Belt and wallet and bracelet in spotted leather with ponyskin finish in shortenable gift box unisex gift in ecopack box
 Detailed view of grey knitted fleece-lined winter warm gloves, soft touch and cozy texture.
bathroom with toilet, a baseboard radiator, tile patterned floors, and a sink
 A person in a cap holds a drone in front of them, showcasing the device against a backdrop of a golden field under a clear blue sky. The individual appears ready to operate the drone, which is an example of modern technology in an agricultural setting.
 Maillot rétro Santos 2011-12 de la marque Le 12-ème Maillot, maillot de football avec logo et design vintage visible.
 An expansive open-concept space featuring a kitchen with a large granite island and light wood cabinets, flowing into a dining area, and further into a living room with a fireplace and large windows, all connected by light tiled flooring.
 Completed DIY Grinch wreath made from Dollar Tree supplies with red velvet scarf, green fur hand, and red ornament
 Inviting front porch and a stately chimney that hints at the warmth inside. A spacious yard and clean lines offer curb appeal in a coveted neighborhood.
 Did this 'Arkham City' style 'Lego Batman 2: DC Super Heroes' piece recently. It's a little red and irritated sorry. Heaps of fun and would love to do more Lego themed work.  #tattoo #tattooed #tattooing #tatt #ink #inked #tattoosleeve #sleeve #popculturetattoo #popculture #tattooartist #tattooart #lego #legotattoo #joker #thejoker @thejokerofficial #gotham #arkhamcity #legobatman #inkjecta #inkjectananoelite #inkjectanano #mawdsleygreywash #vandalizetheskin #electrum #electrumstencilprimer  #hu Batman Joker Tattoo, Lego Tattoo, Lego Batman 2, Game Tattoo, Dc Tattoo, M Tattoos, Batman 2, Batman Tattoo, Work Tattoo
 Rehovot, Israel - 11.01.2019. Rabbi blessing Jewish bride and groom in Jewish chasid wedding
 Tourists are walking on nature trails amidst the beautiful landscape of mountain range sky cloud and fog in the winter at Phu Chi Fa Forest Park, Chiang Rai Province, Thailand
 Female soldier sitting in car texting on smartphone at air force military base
.....
Every line of the data above that includes "winter" should be listed.

 Detailed view of grey knitted fleece-lined winter warm gloves, soft touch and cozy texture.
 Tourists are walking on nature trails amidst the beautiful landscape of mountain range sky cloud and fog in the winter at Phu Chi Fa Forest Park, Chiang Rai Province, Thailand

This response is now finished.